The measurement accuracy of digital image correlation can seem surprisingly high. It is due to sub-pixel grey level interpolation: if a black spot with a diameter of 1 pixel is translated across a uniform white background, the neighboring pixels will react to this displacement by taking a grey level value proportional to the surface of the dot overlapping this pixel. Sub-pixel interpolation makes it possible to commonly measure displacement amplitudes smaller than 0.1 pixel, and even smaller than 0.01 pixel in favorable experimental conditions. To achieve this precision, great care must be taken in providing constant and uniform lighting to the observed sample, and image acquisition must be carried out with high-quality lenses and cameras.

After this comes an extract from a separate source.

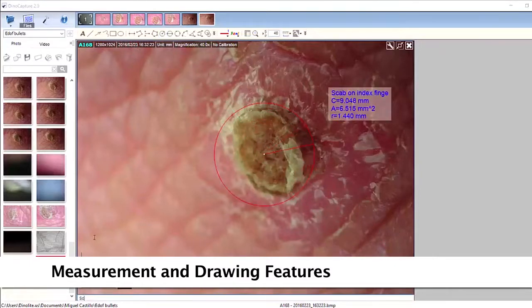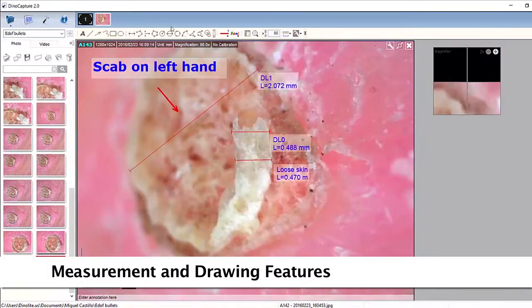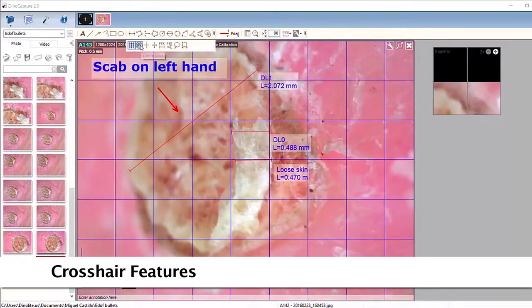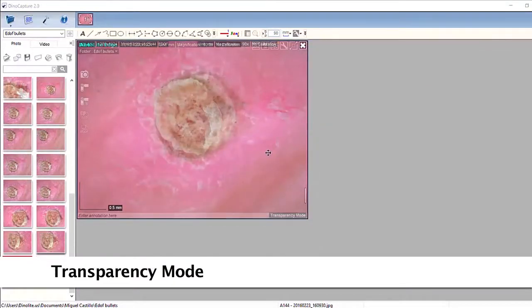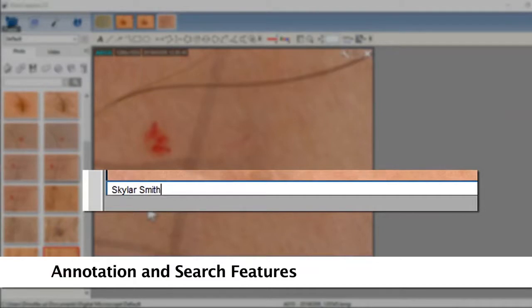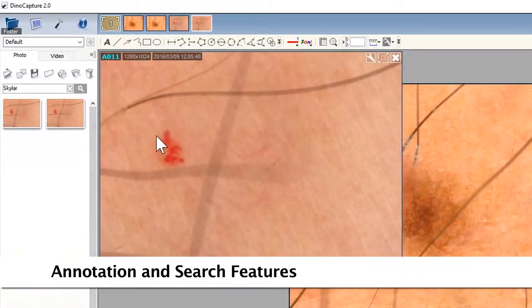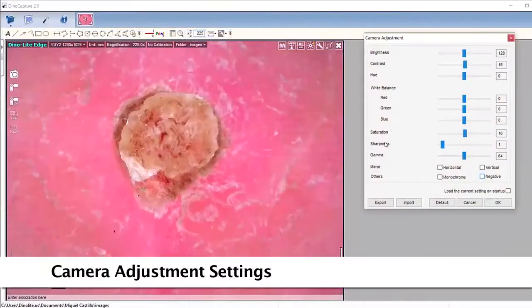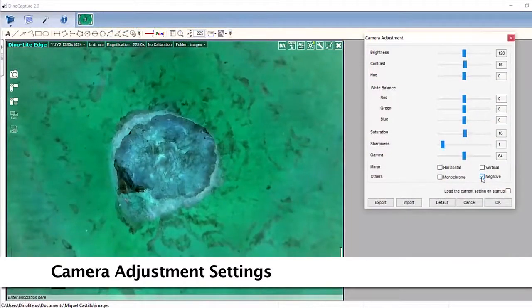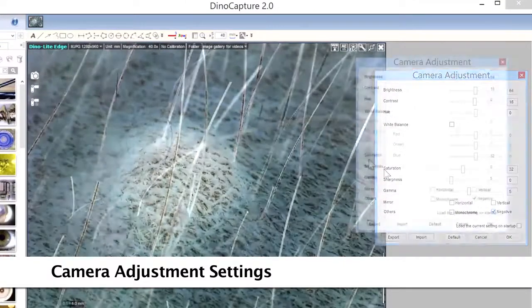The included software has measurement tools for compatible measurement models, as well as drawing annotation tools, crosshair features, and transparency modes. Some adjustable camera options include white balance, brightness, contrast, hue, as well as negative and monochrome modes and more.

By design, classical digital image correlation approaches are well adapted to compute point cloud displacement data, by repeating the previous operation over several image subsets where displacement is sought. From a design office perspective, this data format not ideal, because the experimental data needs to be compared to numerical simulations results (typically produced by FE software such as Abaqus or Ansys) which will be expressed on the nodes and elements of a finite element mesh. For mechanical engineers, a better solution to make comparison between experimental and numerical data is to use the simulation mesh as a basis for displacement measurement, instead of independent image subsets:
In this context, the choice of shape functions is paramount; not so much for the test engineer (whom this choice will not impact), but for the structural engineer that will need to compare the experimental data with the prediction of the simulation model. In practice, projecting point cloud data to the FE space involves several problematic operations (change of coordinate system, 3D data interpolation) that can result in unwanted error and bias. Taking the FE mesh as a basis for measurement from the very start greatly simplifies the processing of the experimental data for the structural engineer. This is possible thanks to the use of a global method based on an assumption of continuity of displacement fields in the problem formulation.
For actual three-dimensional components, it is not possible to acquire comprehensive displacement data using a single camera, because a single camera can only determine displacements in the plane parallel to its sensor (2D measure). To measure 3D displacements, a multi-camera (2 or more) system is required:
The previous point can be illustrated from the above figure. In this configuration, a translation of the physical point M along the (M-M1) axis will not affect the position of M in the image acquired by camera 1, whereas camera 2 will be able to detect this displacement. For complex sample geometries, this basic concept can be extended to use as many cameras as necessary to measure displacement and strain across all desired component surfaces. 3D-DIC data that was acquired throughout the test can then be matched with information gathered from other sensors (force, punctual displacement or strain) to validate and enrich the numerical modeling. In some cases, this process can even be automated to estimate constitutive parameters from digital image correlation measurements.